*Task brief:* Where a picture appears, skip it and copy everything else in the listing exactly.

*Exercise data:*
- - - -

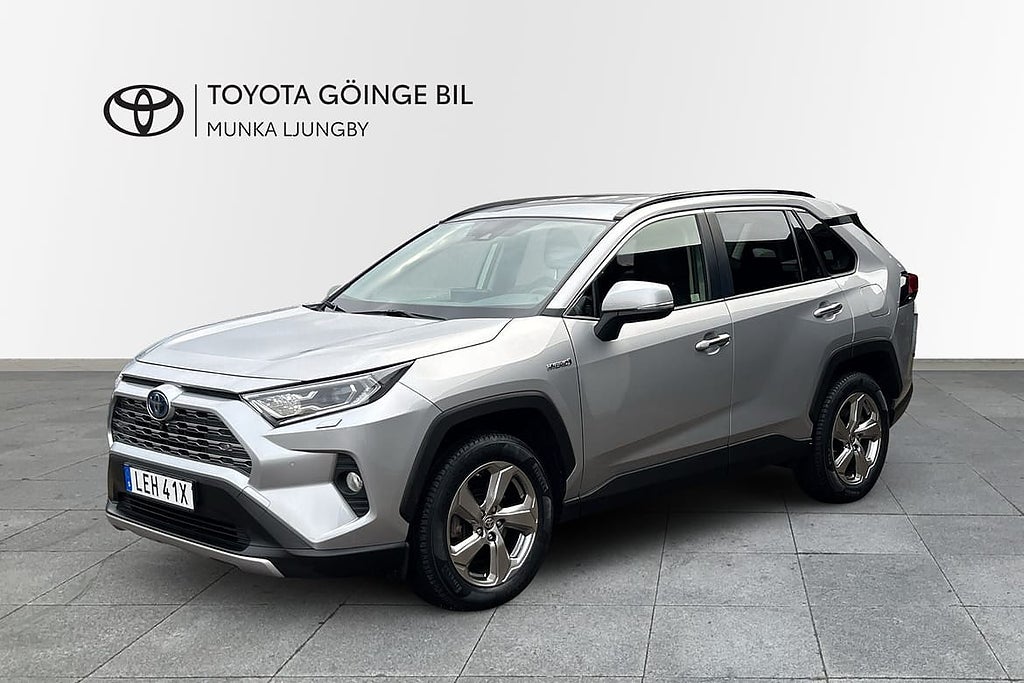 Toyota RAV4 Executive Premium Drag V-hjul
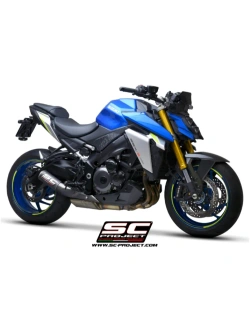 Tłumik motocyklowy SC-Project CR-T Suzuki GSX-S1000 (25-) carbon [z osłoną termiczną]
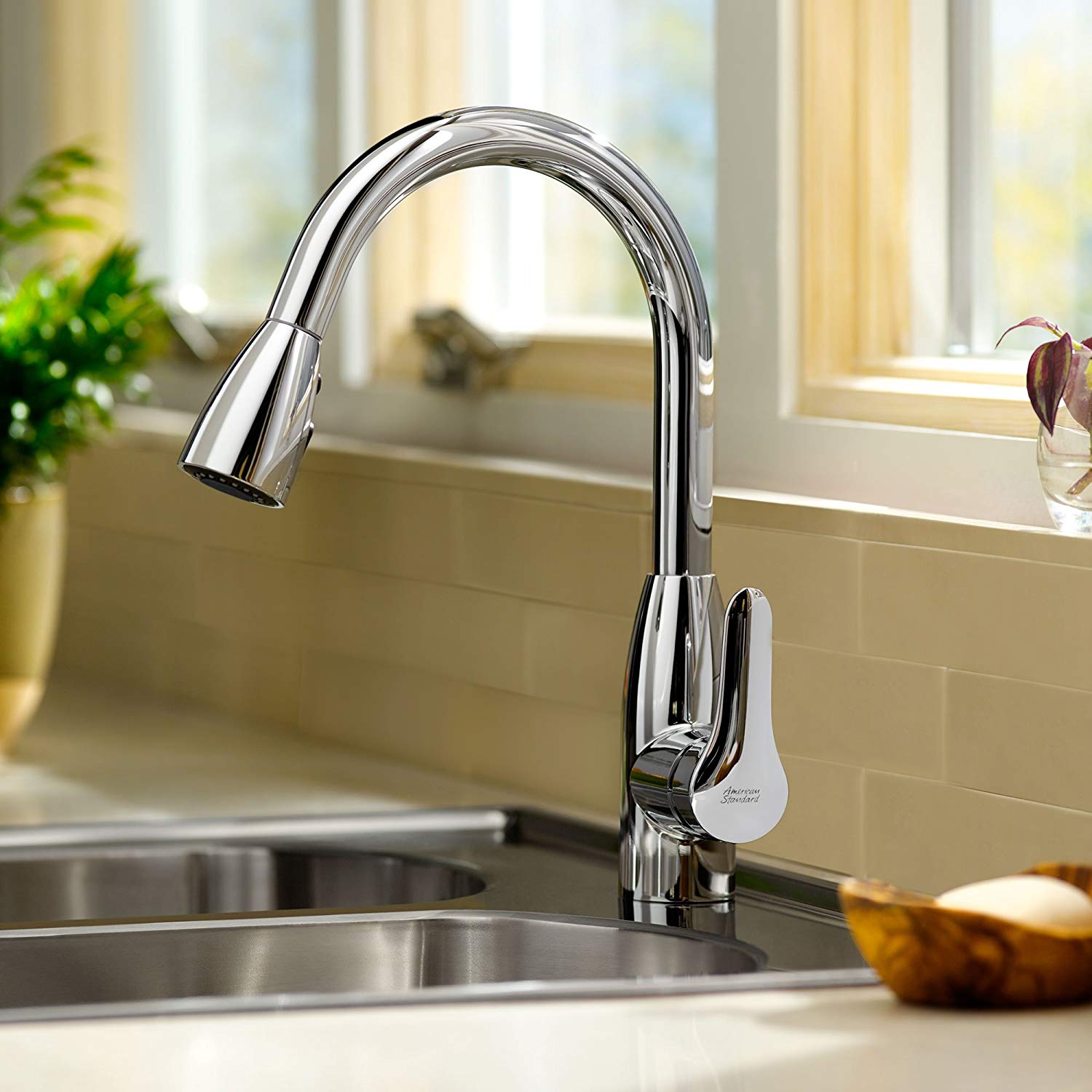 American Standard Soft Pull-Down Kitchen Faucet Only $99.00! (Reg $220)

- - - -

*Response area:*
 Toyota RAV4 Executive Premium Drag V-hjul
 Tłumik motocyklowy SC-Project CR-T Suzuki GSX-S1000 (25-) carbon [z osłoną termiczną]
 American Standard Soft Pull-Down Kitchen Faucet Only $99.00! (Reg $220)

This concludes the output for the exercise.